▶ **Required action**
Below are records; extract exactly the lines from the one with "Hardy Ultralite X" through the final line, including both, but drop the pictures.

[Short text fragments from websites]
--- START ---

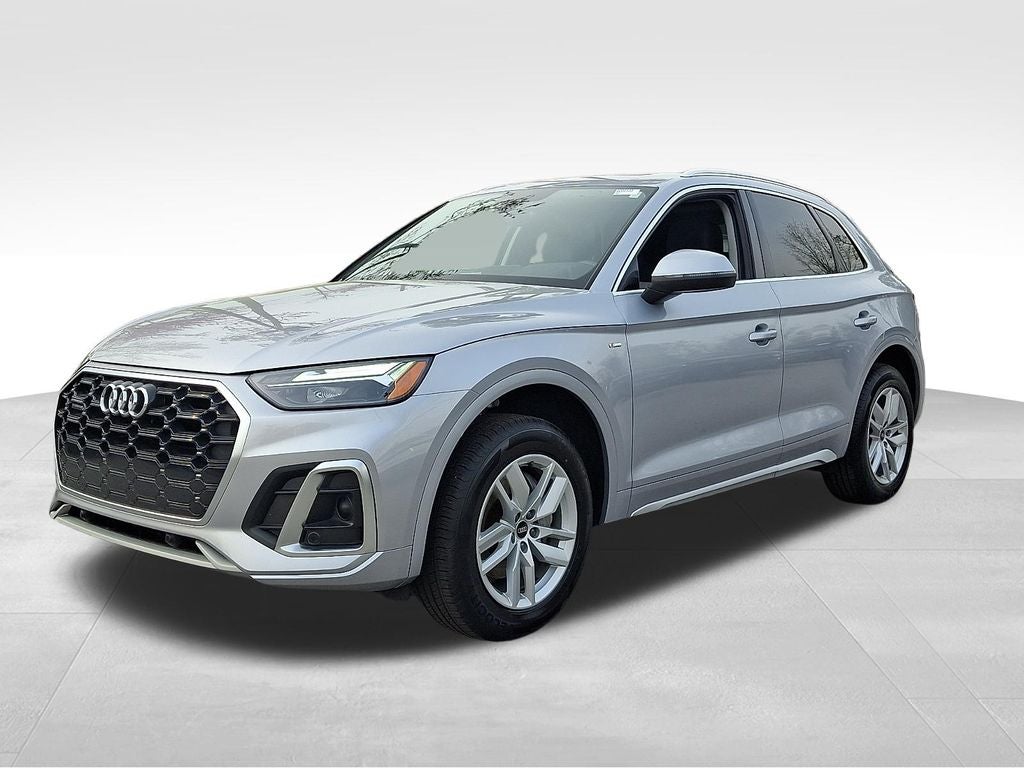 2023 Audi Q5 45 S line Premium quattro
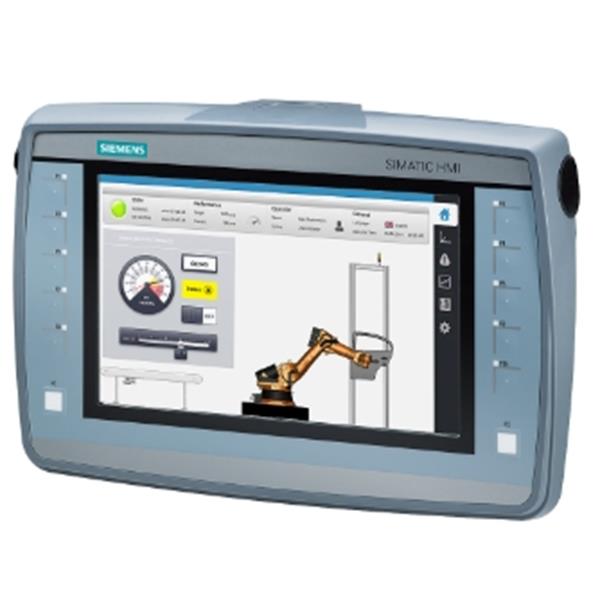 德國SIEMENS西門子 人機界面HMI   6AV6648-0DE11-3AX0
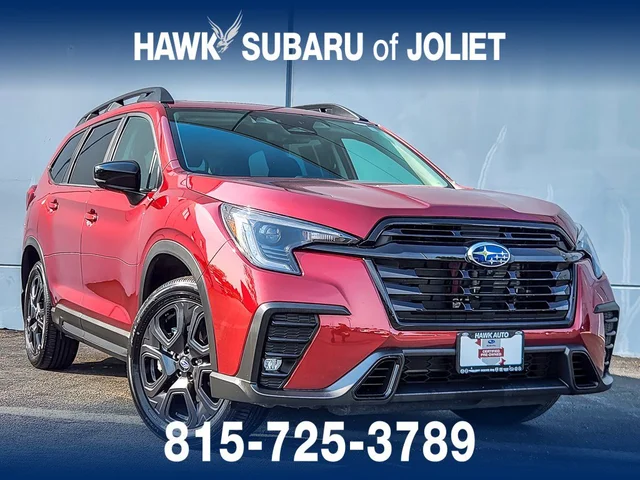 2026 Subaru Ascent Onyx Edition Touring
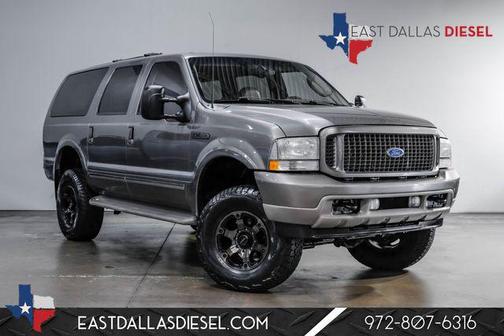 2003 Ford Excursion Limited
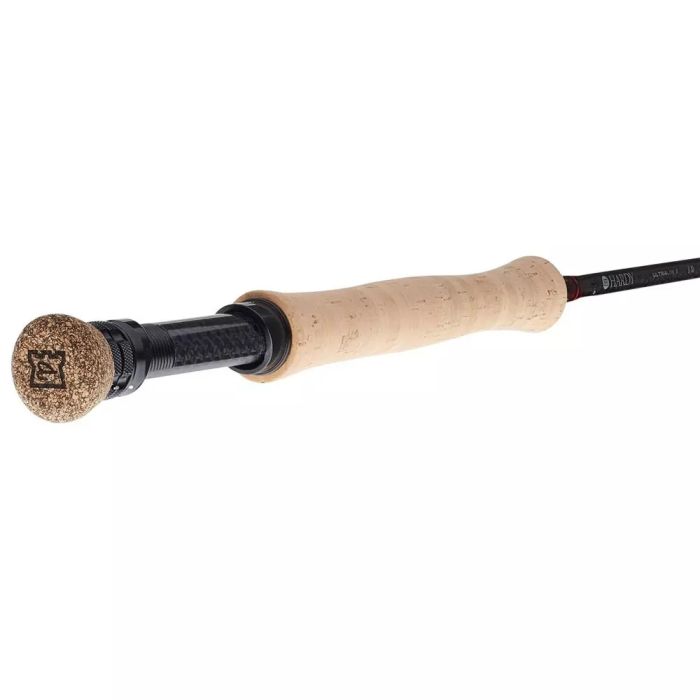 Hardy Ultralite X Fly Rod #HROULX107, 3.04m, 7 WT, 4 részes horgászbot 6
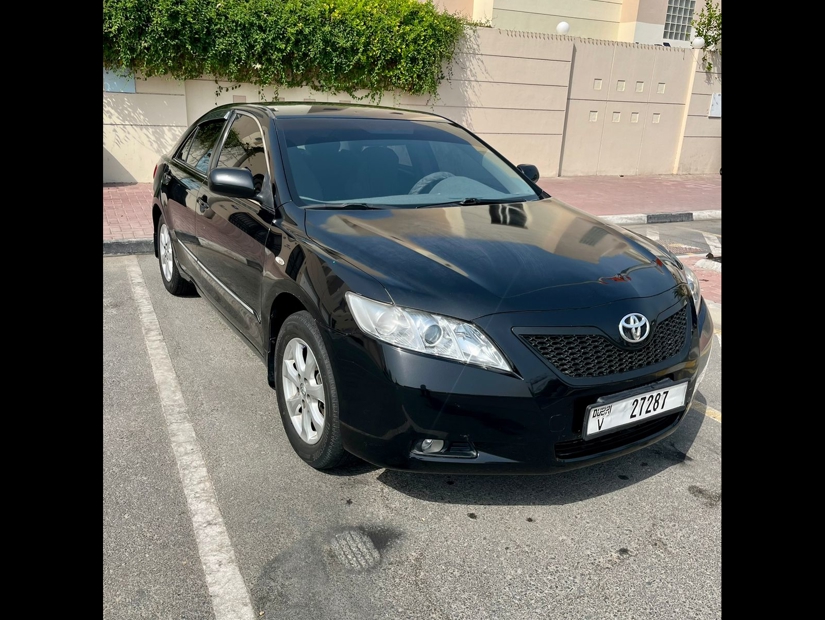 2008 Toyota Camry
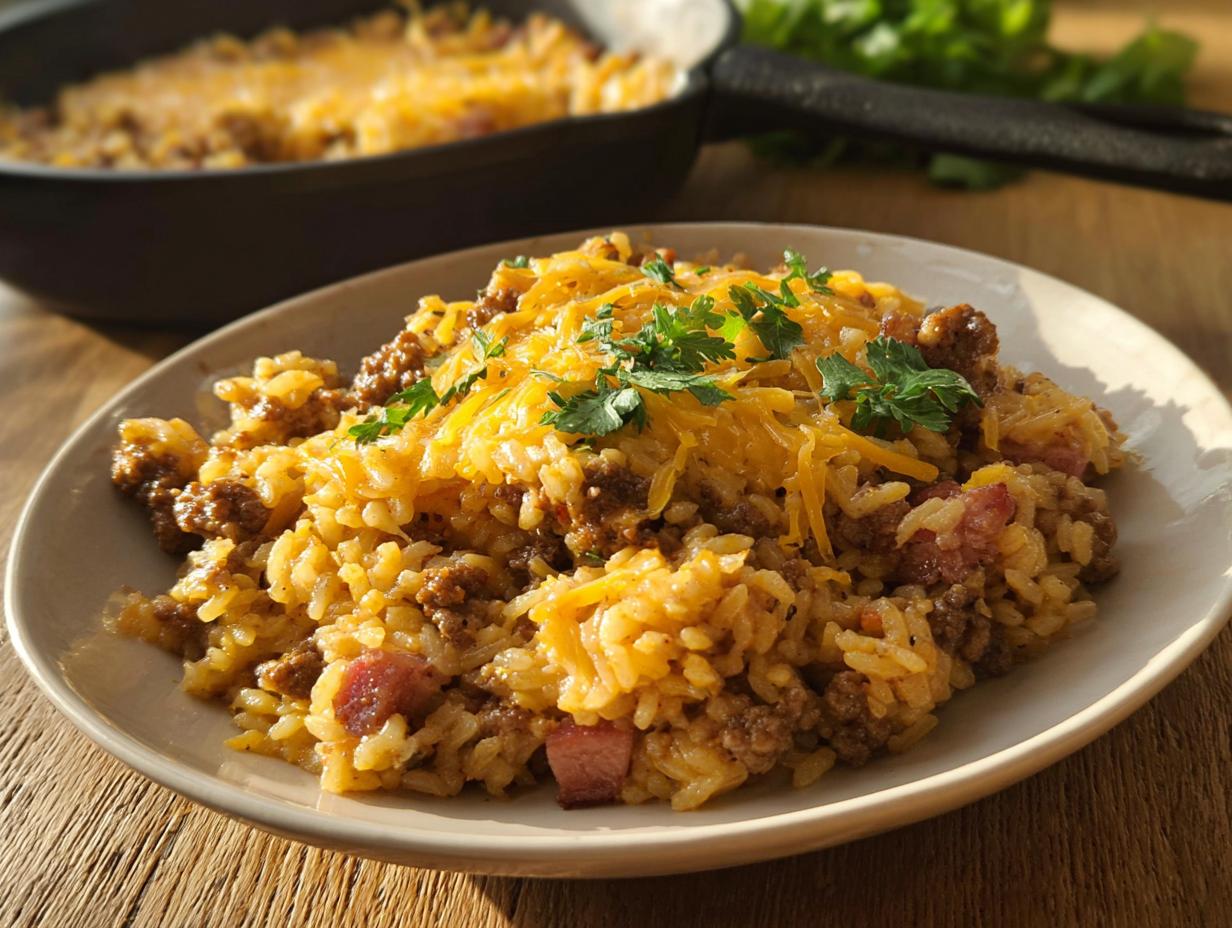 Cremiger Reis: 1 Genialer Topf, 0 Abwasch – Unverschämt Lecker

--- END ---

▶ **Solution to this problem**
 Hardy Ultralite X Fly Rod #HROULX107, 3.04m, 7 WT, 4 részes horgászbot 6
 2008 Toyota Camry
 Cremiger Reis: 1 Genialer Topf, 0 Abwasch – Unverschämt Lecker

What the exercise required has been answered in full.